Людям дано только верить и придумывать. Что они могут знать?
И верно, была грозная битва с Ёроол-Гуем. Где-то в ином месте людям вообразилось, будто они сумели победить зло, уничтожить неуничтожимого бога. На самом деле они вытеснили Многорукого из своих краёв, и он пришёл сюда. Зло не так трудно отогнать, если не думать о том, в чью сторону ты его гонишь.
Многорукий бесчинствовал в далайне, появляясь на суше не так уж часто, хотя люди, которых он ел, полагали, что такое могло бы случаться пореже. В конце концов люди стали привыкать к мысли, что они всего-лишь чужая еда, и, может быть, вовсе бы в этому привыкли, если бы не начал меняться самый далайн. Чистая прежде вода помутнела, обратилась в дурно пахнущую слизь, негодную ни на какое употребление. В глубине повывелись пёстро окрашенные громадины, украшавшие изумрудными фонтанами горизонт, зато завелось множество хищной пакости, грозящей жизни всякого, кто осмелится подойти к краю земли. Светлые ручьи, бегущие от подножия суурь-тэсэгов, загустели смердючим, разъедающим кожу нойтом; нойт затянул уютный прежде шавар уничтожив в нижних пещерах розовых светящихся слизней и нежную грибницу наыса. Люди разом лишились жилья, любимой пищи и возможности осветить путь ночью. Убитые нойтом, засохли развесистые туйваны, выродилась хлебная трава, заменившись бесплодным, сухо шуршащим хохиуром.

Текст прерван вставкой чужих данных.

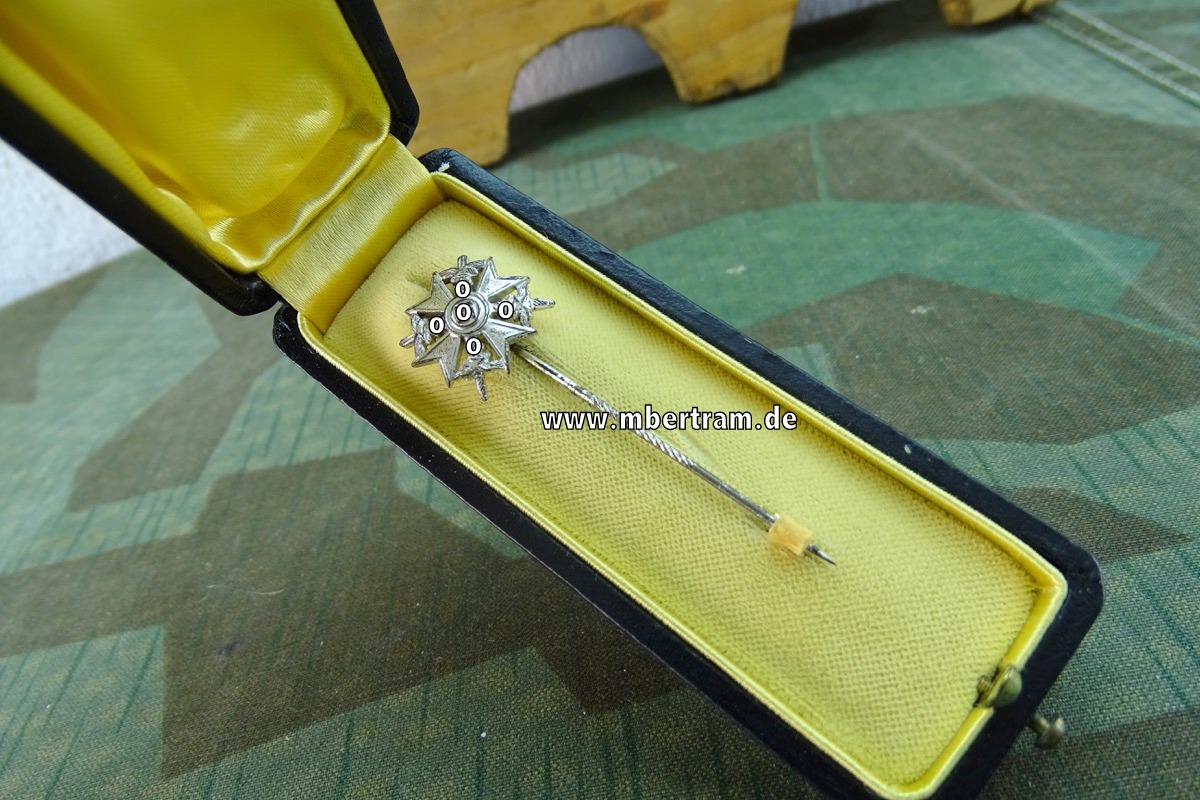 Spanienkreuz in Silber mit Schwertern - Miniatur. Buntmetall versilbert, 16 mm, Etui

Голодная смерть улыбнулась народу обескровленными губами, и, верно, то был бы лучший выход для обречённых двуногих, но и этого не допустила немилостивая судьба, растянув агонию на несколько поколений. В обратившемся в клоаку шаваре завелись прежде невиданные гады. Они были страшны и опасны, защищены толстой бронёй и отравленными шипами, плоть их казалась гадостной на вкус, но всё же не давала добытчику умереть с голода. А под слоем грязи на бывших лужайках зародились чешуйчатые клубеньки чавги. Её водянистая сердцевина годилась и в пищу, и для питья и, чтобы омыть изъеденные нойтом руки.
Невзирая ни на что, жили люди, вернее, умирали чуть медленнее, чем хотелось милосердию.

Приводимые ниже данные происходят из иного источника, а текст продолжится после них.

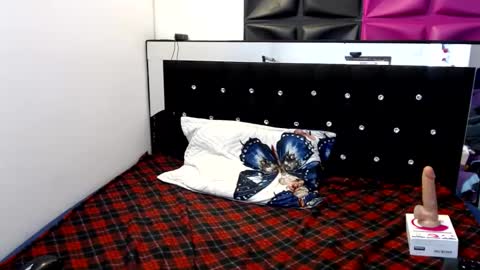 Snapshot of scarletglow1 chatting on 01/04/25, 05:26 scarletglow1 online show from 01/04/25, 05:26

Странные вещи видит сидящий на краю алдан-тэсэга.
Вместе с горем всегда приходит и надежда на избавление. Один из людей столь великим гневом воспылал против Ёроол-Гуя, что его душевный огонь оказался способен осушить бездонный далайн. И в скором времени рядом с крестом Тэнгэра стояло ещё два оройхона, и люди воспряли духом, надеясь, что чудотворец илбэч оградит их от неуёмной хищности бога.
Но верно и Ёроол-Гую не прошло бесследно прошлое поражение. Многорукий был уже не тот, что в прежнем бытии. В нём родилась новая способность, на первый взгляд не слишком заметная, но оттого не менее опасная. Как и прежде в Ёроол-Гуе не было ни проблеска разума, великий бог был туп, словно брюхоногий моллюск, но всё же его действия обрели заметную цель. Ёроол-Гуй научился различать илбэча в толпе прочих людишек и неуклонно преследовал его всюду, куда бы тот ни побежал. А в мире не было такого места, докуда не дотянулся бы длиннорукий.
Вскоре илбэча не стало. Перед смертью он успел подарить людям ещё один оройхон, уводящий вбок от креста Тэнгэра и почти ни к чему не годный. На том и сгинула живая надежда, оставшись лишь в умах человеческих.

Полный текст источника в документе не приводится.